Sebesta agreed, recalling a recent tourism fair in Vienna that had been ignored by Slovak state tourism officials. “If the Slovak tourist board cannot be bothered to drive 30 minutes to a show in Vienna – if nobody here thinks two million relatively wealthy Austrians living in Vienna are worth attracting – then tourism in this country is dead,” he said.
“There’s just no excuse for it. Three years ago, people were starting to come, you could feel the growth. But tourism being what it is, you’re only as good as your last ad, and these people haven’t understood this.”
Sebesta said that not only were the numbers of visitors down, but the time people spent in Bratislava was also growing shorter. “A few years ago they might come by car and spend a couple of nights here, now they’re bussed in and they try to do Bratislava in three or four hours. At most, they may stop in for a coffee and a mineral water. That’s not tourism.”
Himi agreed. “Bratislava is a transfer point between Budapest, Vienna and Prague,” he said. “It doesn’t have as many memorials as these cities, and people come here more for business than for tourism.”
But even the business dynamic is changing.
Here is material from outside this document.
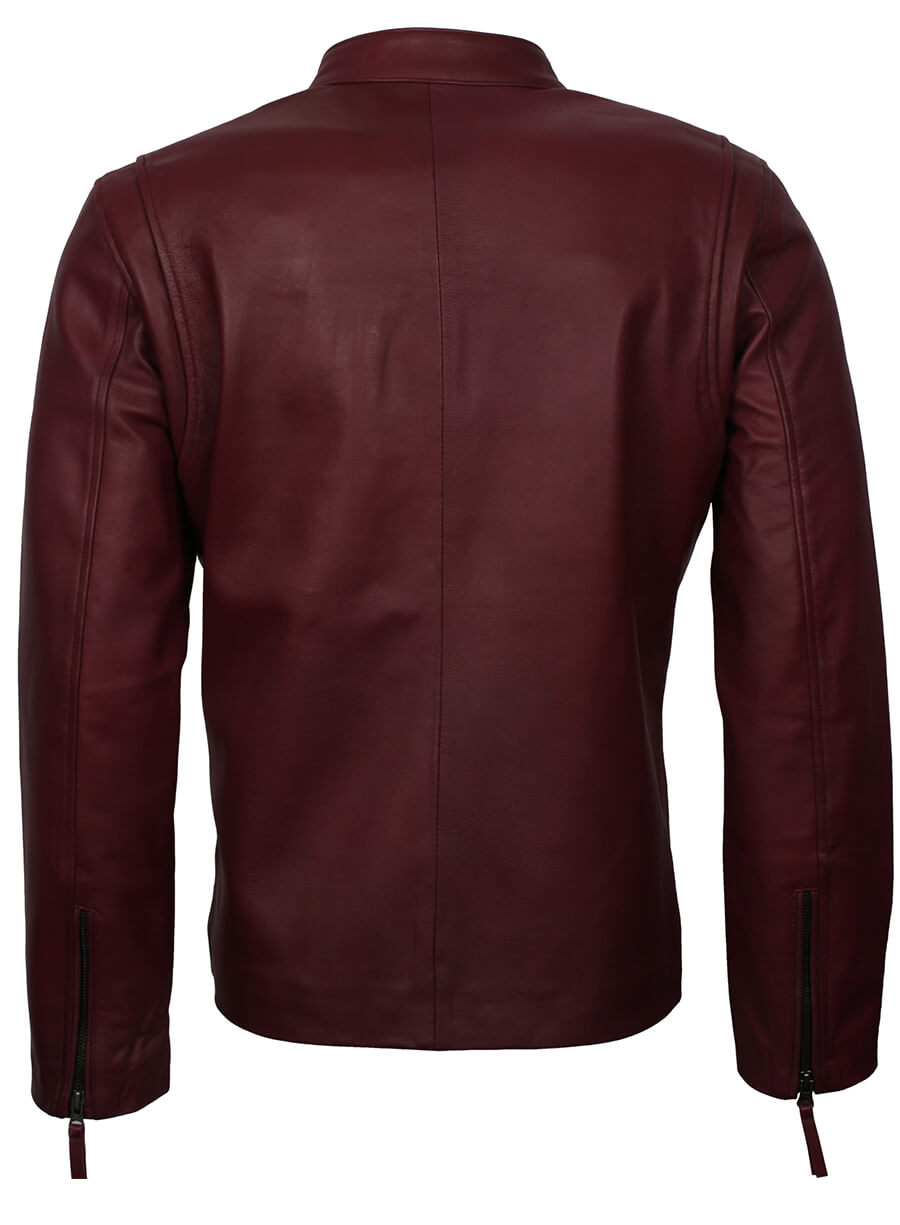 Harpoon Men's Vintage Maroon Inspired Maroon Genuine Leather Biker Jacket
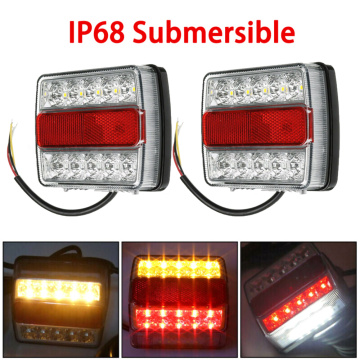 2Pcs Rear LED Submersible Trailer Tail Lights Kit 12V 15LED Boat Marker Truck Waterproof Lamps Universal for Campers Taillights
While the economy is growing at almost 10% a year, buoyed by billions of crowns in foreign investment, the restaurant sector is in a different cycle. “From 2004-2005 we had teams of investors coming here looking at greenfield sites, a process that could take a year and wind up with each team accounting for 300-500 hotel nights and hundreds of restaurant meals,” Sebesta said. “Now that these investments are in place and producing, they are being run by Slovaks, with expat managers coming maybe once a month to see how they are doing. Multiply this by the number of recent foreign investors in this country, and you have a major impact.”
Consumers to the rescue?
If there is a bright spot in the restaurant market, it is that Slovak consumers are making up an increasingly large share of restaurant goers, and tend to spend more freely than other cultures.
Matulčík said that Malecón’s clientele was now 60-70% Slovak, a figure also quoted by Himi of El Gaucho. “Prague may have a lot more tourists, but here people tend to spend more on things like fancy cars, exotic vacations and good food,” Matulčík said. “It’s part of our national character.
But even the nation’s spendthrift ways may not be immune to change. Sebesta noted that the easy availability of mortgages over the past few years was turning increasingly more Slovaks from spenders into savers.
“Slovaks are learning to manage mortgages, and those monthly payments are eating up their available capital,” he said. “Even though the economy is doing well, this isn’t always reflected in the amount of money people spend in restaurants.”